In patents filings made public this week, Oculus describes a couple different technologies that could make its virtual reality even more realistic and immersive. The patents describe a couple methods for simulating touch in VR environments, one of which includes a “skin stretch instrument.”
It’s not as terrifying as it sounds. Pick up any object near you right now, notice how your hand cradles it, which parts of your hand are touching it. Those are the little details Oculus is looking to simulate. A smart phone feels different in your hand than an orange does, or a water bottle, or a coffee cup. These objects all feel different, in part because we hold them differently. Add on to that the fact that everyone holds objects in a slightly different way, and you can see how simulating your sense of touch can get pretty complex.

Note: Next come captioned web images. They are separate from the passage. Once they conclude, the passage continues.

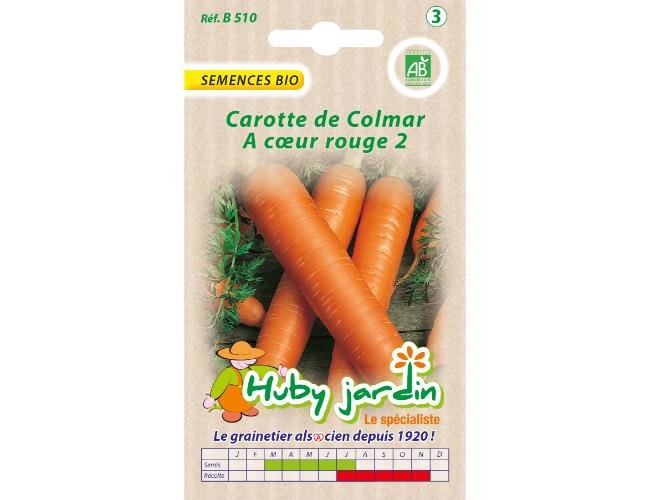 Biokarotte de Colmar à Coeur Rouge 2 Samen Saatgut | © Graines Hubert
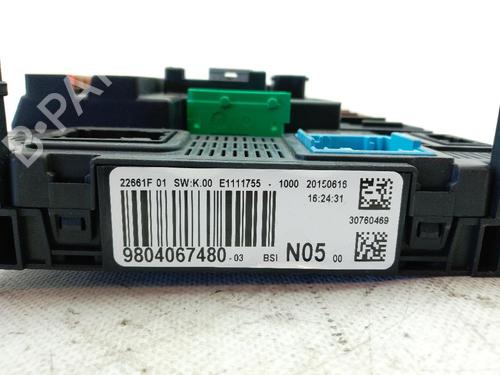 Fuse box CITROËN C4 Grand Picasso II (DA_, DE_) 1.2 THP 130 | BP24545911E1 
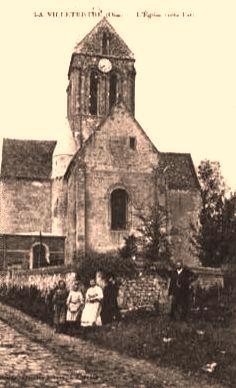 Lavilletertre oise cpa eglise nd de la nativite 1908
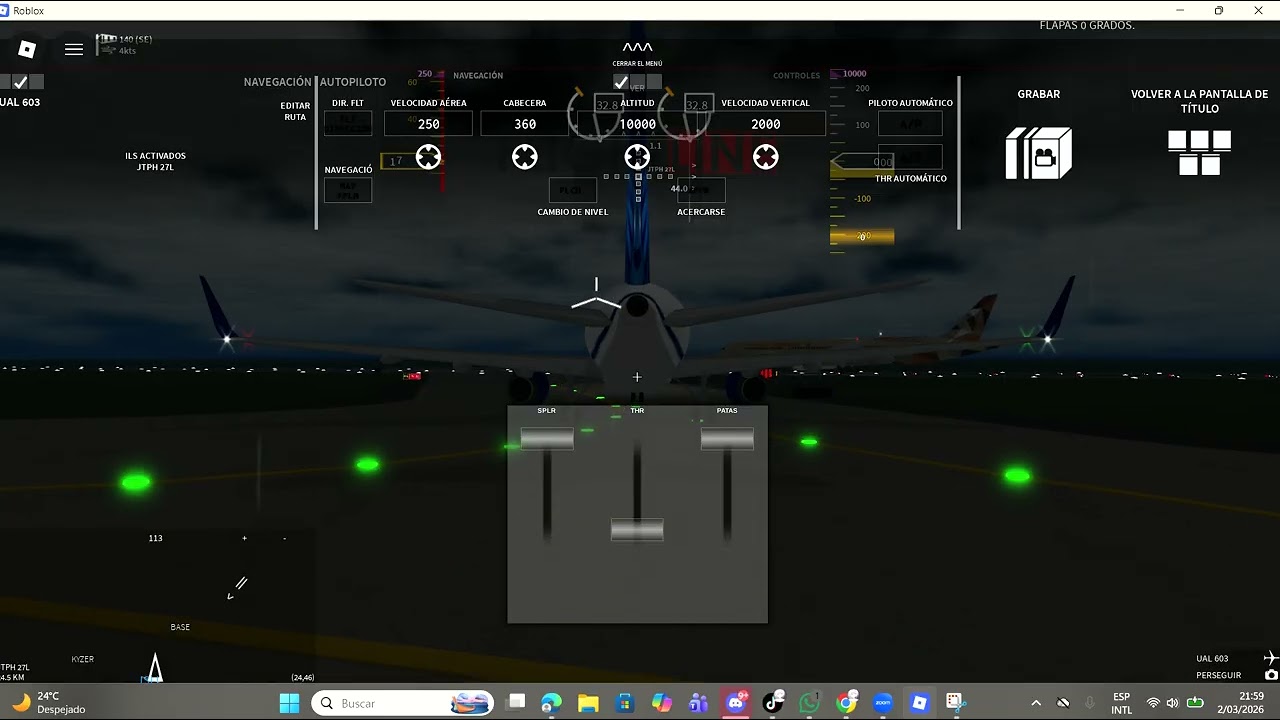 vuelo con un 757 de united (603)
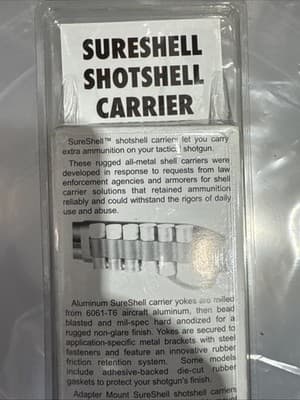 Mesa SureShell 6-Shell Side Saddle w/ Rail Fits Remington 870 , 20 Gauge New - Thumbnail 4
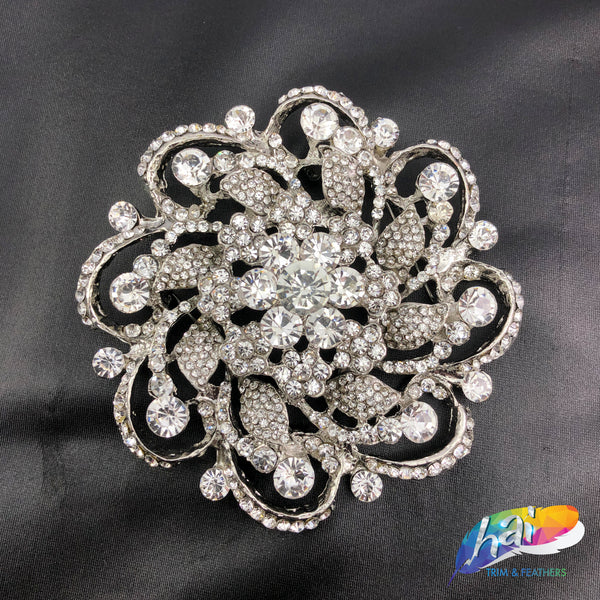 Vintage rhinestone brooches sales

Oculus’ solution is a simple one: Build a haptic glove that can calibrate itself by simply monitoring how you interact with real objects. The first patent describes a technology that would live in the fingers, fingertips, and palm of a haptic glove. This is the “skin stretch instrument” really what it’s doing is measuring how your skin stretches, or compresses, when you pick up real-world objects. By measuring that, it’s able to calibrate itself to simulate those kinds of pressure.
Think of it this way: By picking up an object, the object is basically pressed against your skin in a couple different places on your hand. These haptic gloves would measure where the object presses against your skin, and how hard, and then using that information it would essentially learn how to use its internal “skin stretching” instruments to simulate physical touch.

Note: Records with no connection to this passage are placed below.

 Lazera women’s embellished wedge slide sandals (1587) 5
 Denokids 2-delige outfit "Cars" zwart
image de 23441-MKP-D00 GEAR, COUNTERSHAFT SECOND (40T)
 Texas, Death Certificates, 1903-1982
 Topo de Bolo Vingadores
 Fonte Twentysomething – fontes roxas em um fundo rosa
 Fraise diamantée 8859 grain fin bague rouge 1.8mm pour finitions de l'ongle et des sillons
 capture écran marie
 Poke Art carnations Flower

To do that, the haptic gloves have a couple different methods at their disposal. First, it appears they will have a number of small “gears” or “rollers” in the fingers and palm of the glove, these will both record the calibration interactions described above, and provide mechanical feedback to simulate touch.

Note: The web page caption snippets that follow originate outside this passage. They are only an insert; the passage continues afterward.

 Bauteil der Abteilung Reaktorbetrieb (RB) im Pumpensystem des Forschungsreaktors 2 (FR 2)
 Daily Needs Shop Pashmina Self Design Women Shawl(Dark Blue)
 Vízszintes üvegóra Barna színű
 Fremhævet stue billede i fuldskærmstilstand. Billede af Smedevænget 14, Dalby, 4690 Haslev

“The skin stretch sensor includes a mechanism that may comprise one or more gears and rollers that rotate when the user interacts with a real object,” the patent application reads. “The feedback surface is configured to simulate a force associated with the interaction with the surface.”
The second patent filing also concerns simulating touch once it’s recorded and calibrated by having the user interact with real-world objects. This patent filing uses expandable bladders hidden inside the haptic glove that can expand or contract, like miniature balloons, to apply pressure to your hands to simulate interaction with real objects.